■ Listed records ■
"""
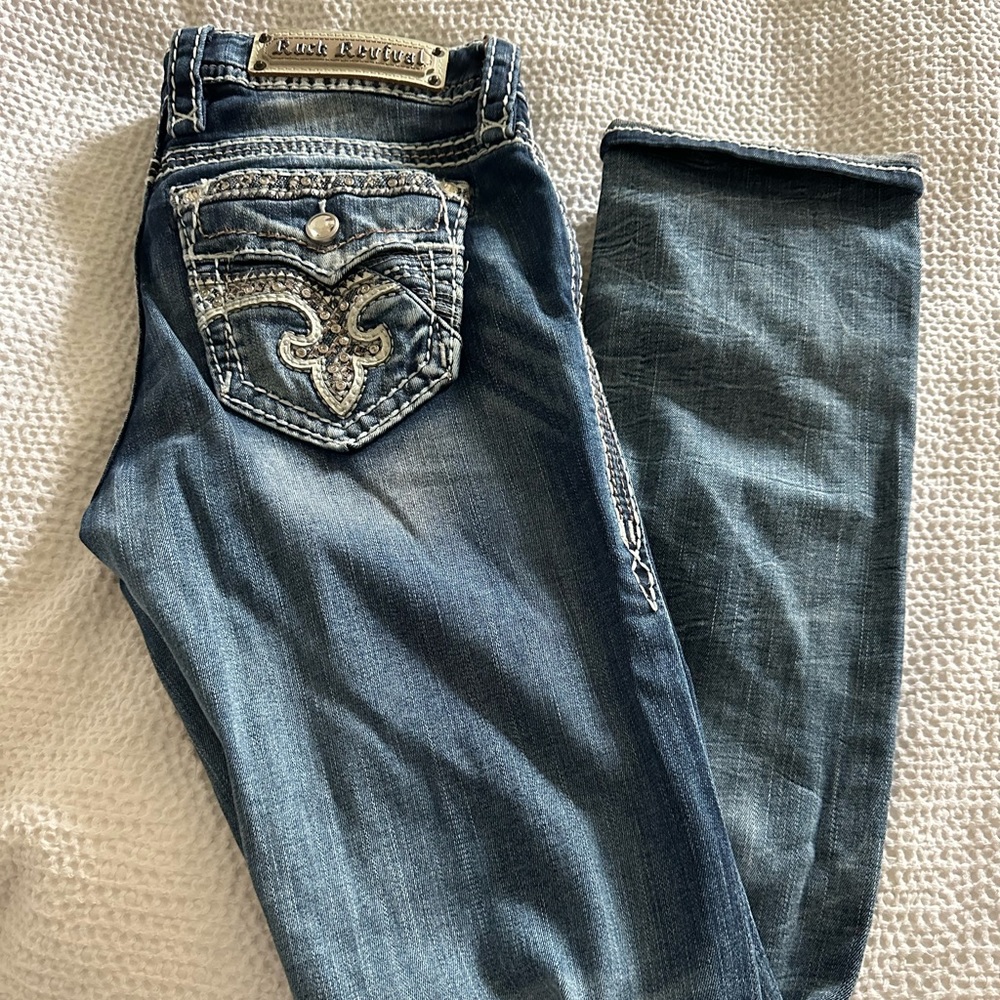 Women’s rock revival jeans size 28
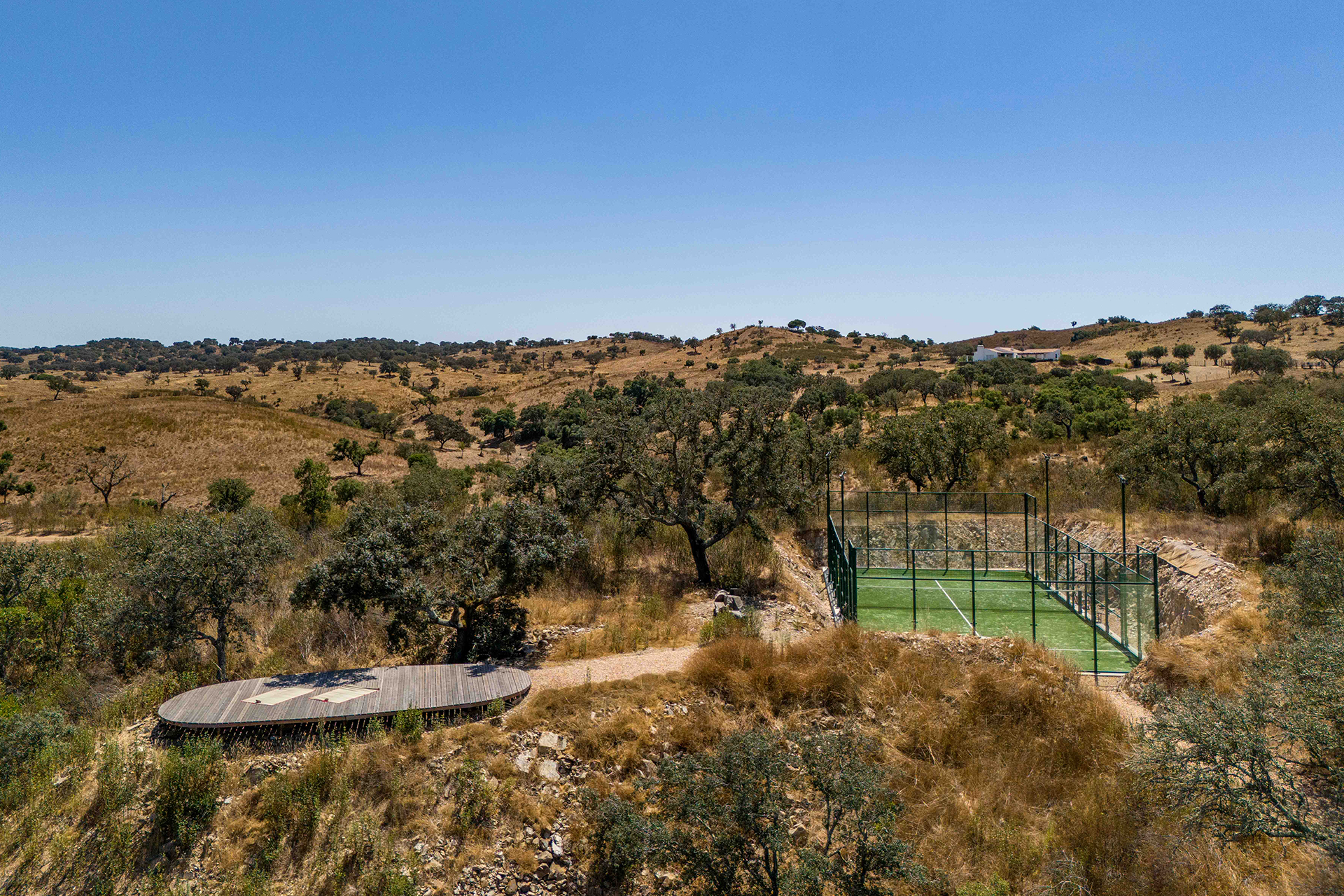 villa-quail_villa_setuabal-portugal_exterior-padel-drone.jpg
"""
"""
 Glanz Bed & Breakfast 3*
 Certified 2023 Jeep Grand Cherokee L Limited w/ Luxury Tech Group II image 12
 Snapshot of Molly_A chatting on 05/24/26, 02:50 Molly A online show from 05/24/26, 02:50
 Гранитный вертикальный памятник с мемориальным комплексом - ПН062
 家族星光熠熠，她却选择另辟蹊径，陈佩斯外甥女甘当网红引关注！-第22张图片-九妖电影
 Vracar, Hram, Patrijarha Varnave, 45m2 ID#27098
"""
■ What you should do ■
Retype exactly the span of lines from the one with "Certified 2023 Jeep" through the one with "Vracar, Hram, Patrijarha"; include both ends and omit the rest of the material.

■ Your solution ■
 Certified 2023 Jeep Grand Cherokee L Limited w/ Luxury Tech Group II image 12
 Snapshot of Molly_A chatting on 05/24/26, 02:50 Molly A online show from 05/24/26, 02:50
 Гранитный вертикальный памятник с мемориальным комплексом - ПН062
 家族星光熠熠，她却选择另辟蹊径，陈佩斯外甥女甘当网红引关注！-第22张图片-九妖电影
 Vracar, Hram, Patrijarha Varnave, 45m2 ID#27098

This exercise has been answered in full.